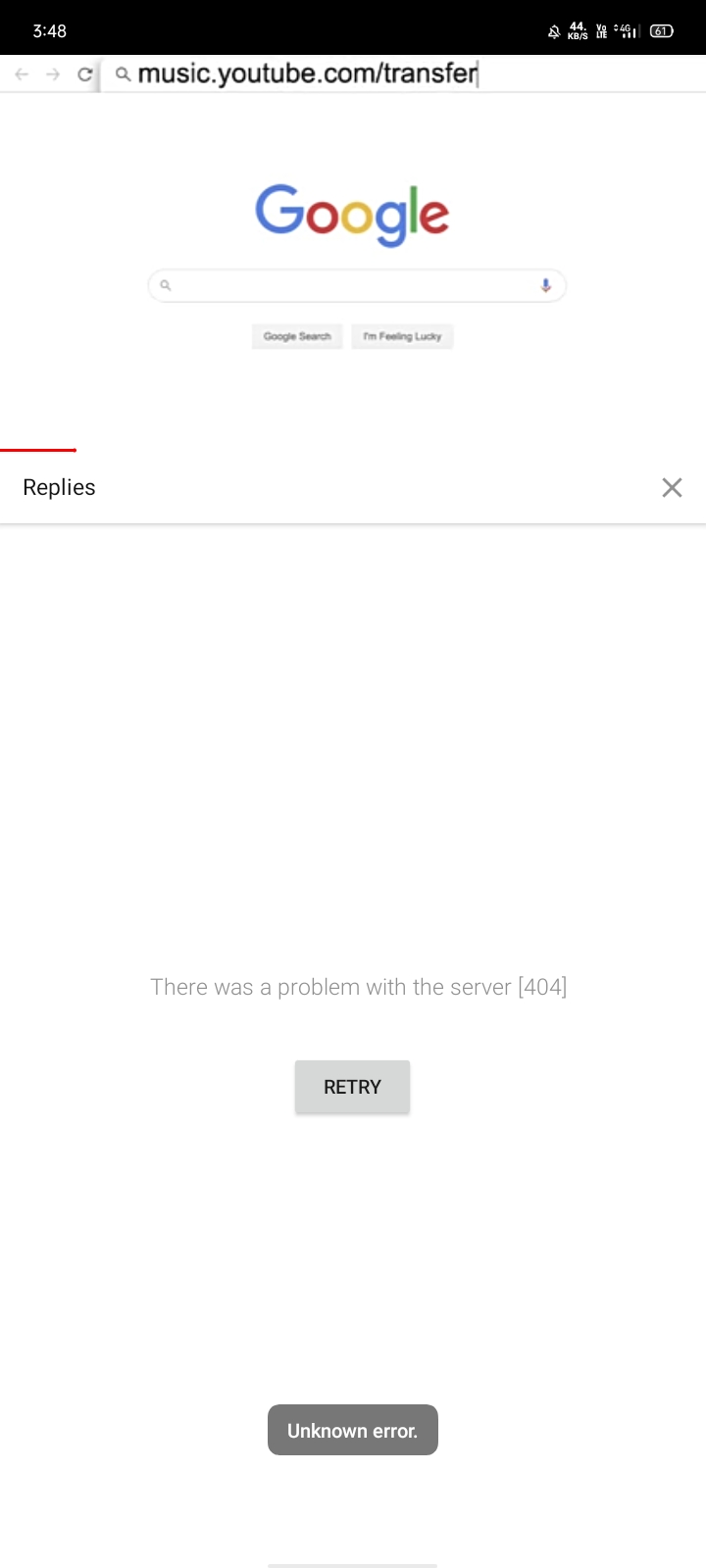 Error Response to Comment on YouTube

──────

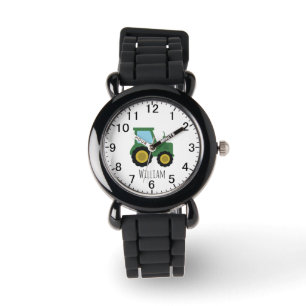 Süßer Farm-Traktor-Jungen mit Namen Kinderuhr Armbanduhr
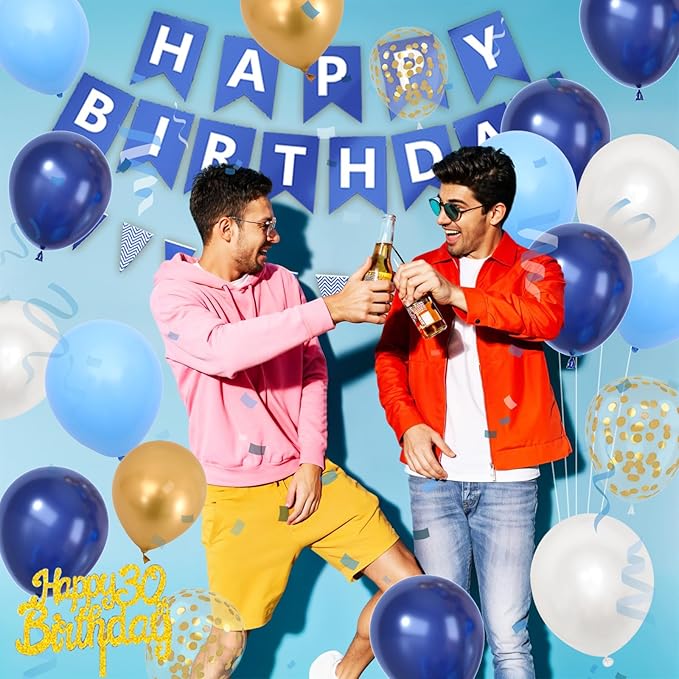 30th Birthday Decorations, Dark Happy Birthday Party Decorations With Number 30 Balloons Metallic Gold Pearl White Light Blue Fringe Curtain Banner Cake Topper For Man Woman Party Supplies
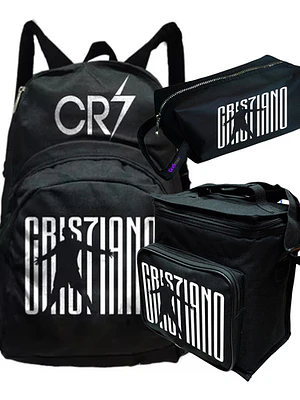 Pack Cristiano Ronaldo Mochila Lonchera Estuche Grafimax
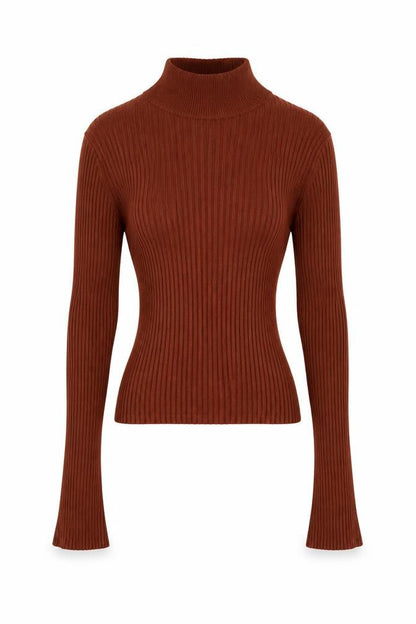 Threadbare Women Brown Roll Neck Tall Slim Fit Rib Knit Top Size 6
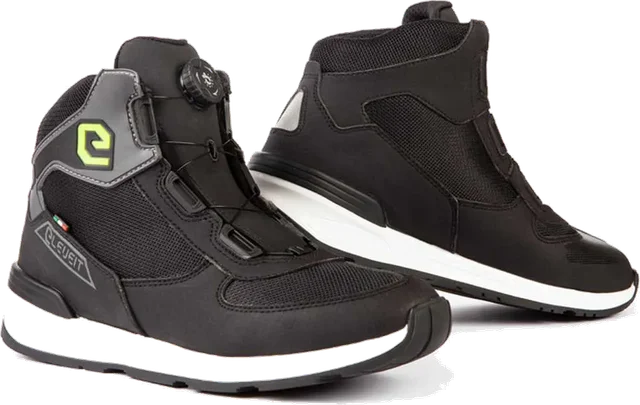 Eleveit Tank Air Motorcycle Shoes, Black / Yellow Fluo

──────

**Problem to work on**
In the entries above, find the line with "Pack Cristiano Ronaldo" and the line with "Eleveit Tank Air". Write out exactly those two lines and every line between them, pictures excluded.

**Exercise answer**
 Pack Cristiano Ronaldo Mochila Lonchera Estuche Grafimax
 Threadbare Women Brown Roll Neck Tall Slim Fit Rib Knit Top Size 6
 Eleveit Tank Air Motorcycle Shoes, Black / Yellow Fluo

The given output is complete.